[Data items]

_____

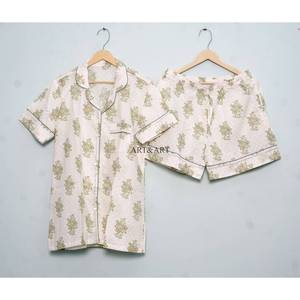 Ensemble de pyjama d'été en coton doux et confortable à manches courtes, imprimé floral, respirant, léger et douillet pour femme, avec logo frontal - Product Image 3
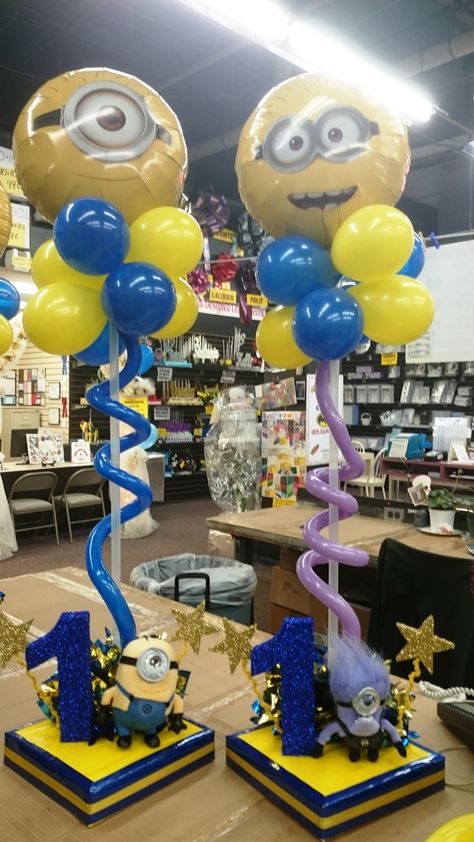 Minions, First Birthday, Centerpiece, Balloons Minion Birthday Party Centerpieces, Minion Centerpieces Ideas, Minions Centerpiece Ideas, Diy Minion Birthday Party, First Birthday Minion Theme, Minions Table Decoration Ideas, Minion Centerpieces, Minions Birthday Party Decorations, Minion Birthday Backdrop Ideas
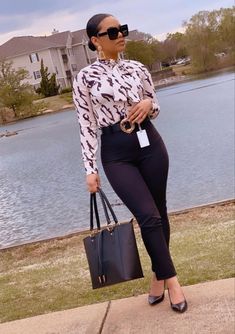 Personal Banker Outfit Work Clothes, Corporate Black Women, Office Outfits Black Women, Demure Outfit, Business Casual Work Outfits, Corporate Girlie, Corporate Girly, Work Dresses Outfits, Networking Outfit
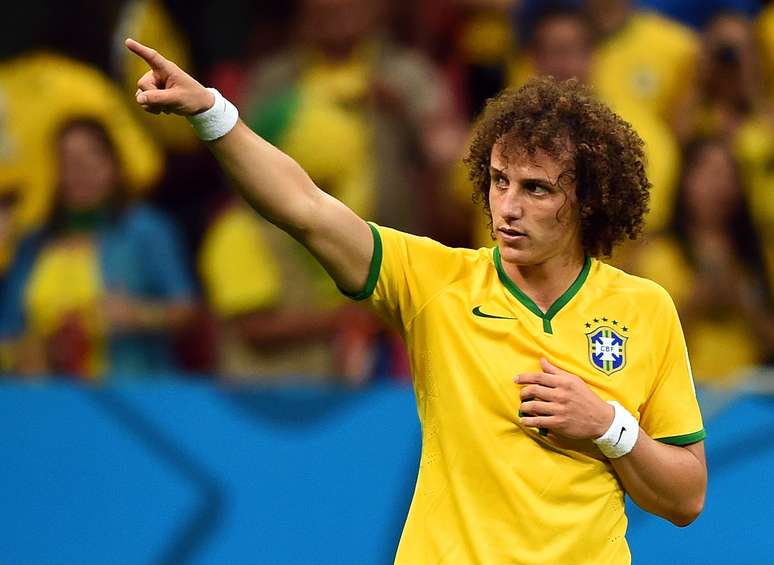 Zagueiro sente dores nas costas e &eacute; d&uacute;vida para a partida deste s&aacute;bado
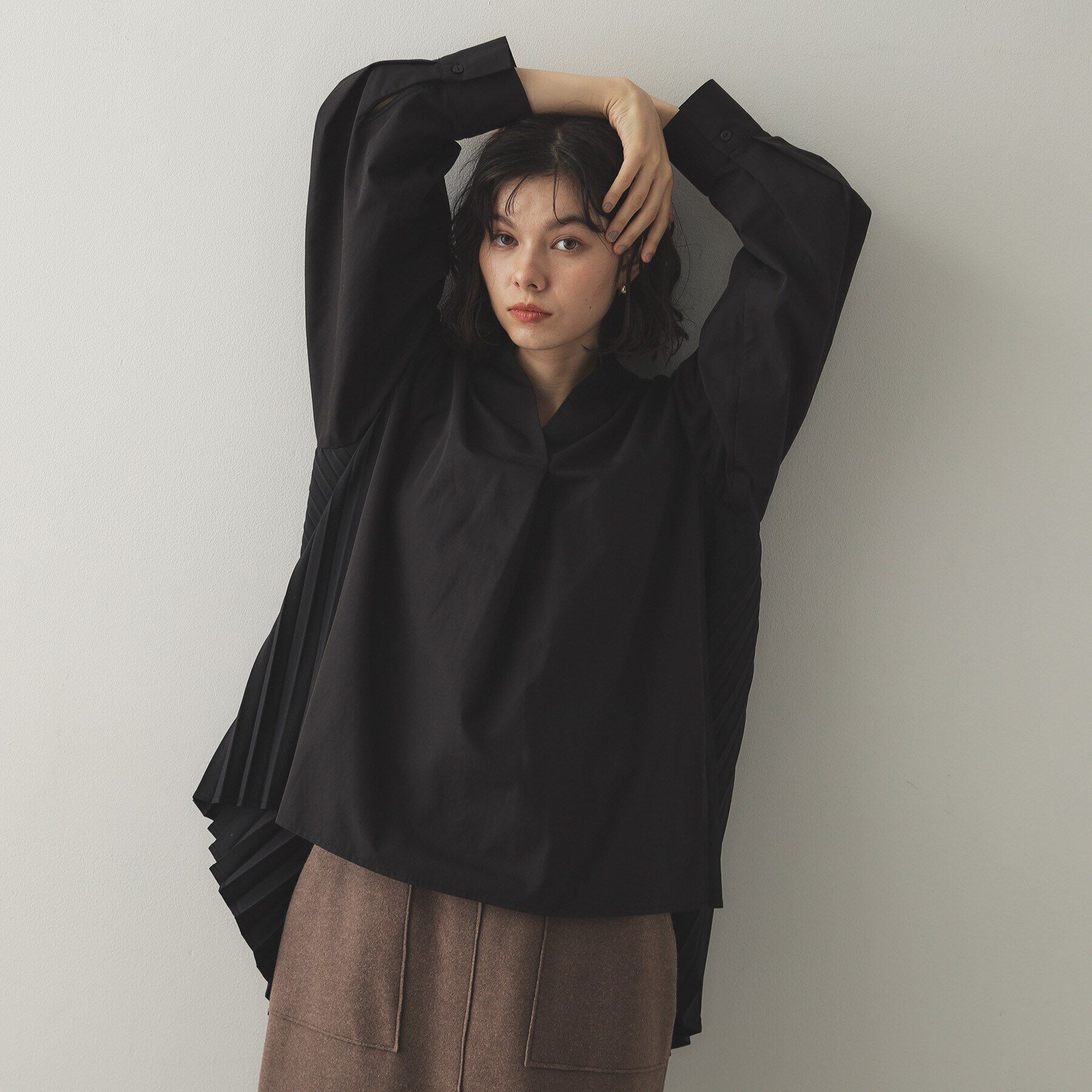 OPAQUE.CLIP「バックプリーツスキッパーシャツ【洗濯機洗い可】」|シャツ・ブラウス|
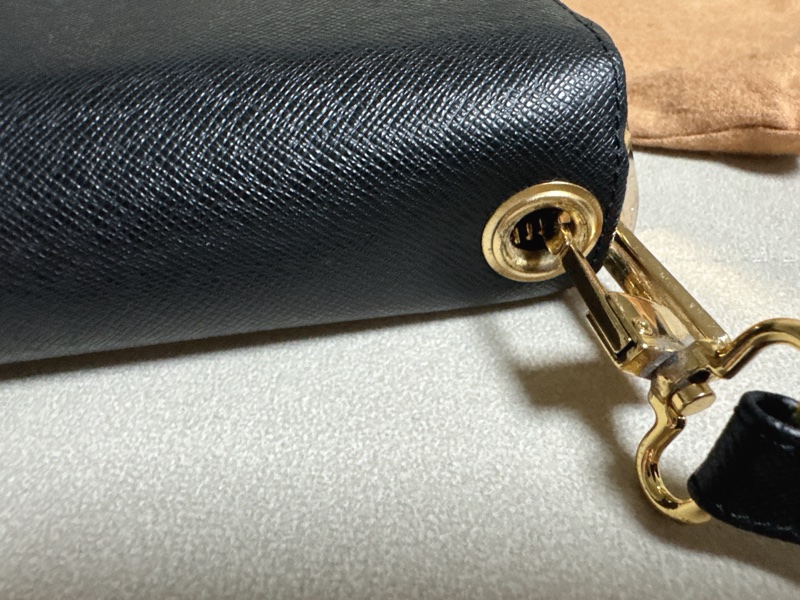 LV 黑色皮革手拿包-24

_____

__Task goal__: Reproduce only the lines of the records from the start up to and including the line that holds "Minions, First Birthday, Centerpiece, Balloons"; do not carry over any picture.

__Exercise answer__:
 Ensemble de pyjama d'été en coton doux et confortable à manches courtes, imprimé floral, respirant, léger et douillet pour femme, avec logo frontal - Product Image 3
 Minions, First Birthday, Centerpiece, Balloons Minion Birthday Party Centerpieces, Minion Centerpieces Ideas, Minions Centerpiece Ideas, Diy Minion Birthday Party, First Birthday Minion Theme, Minions Table Decoration Ideas, Minion Centerpieces, Minions Birthday Party Decorations, Minion Birthday Backdrop Ideas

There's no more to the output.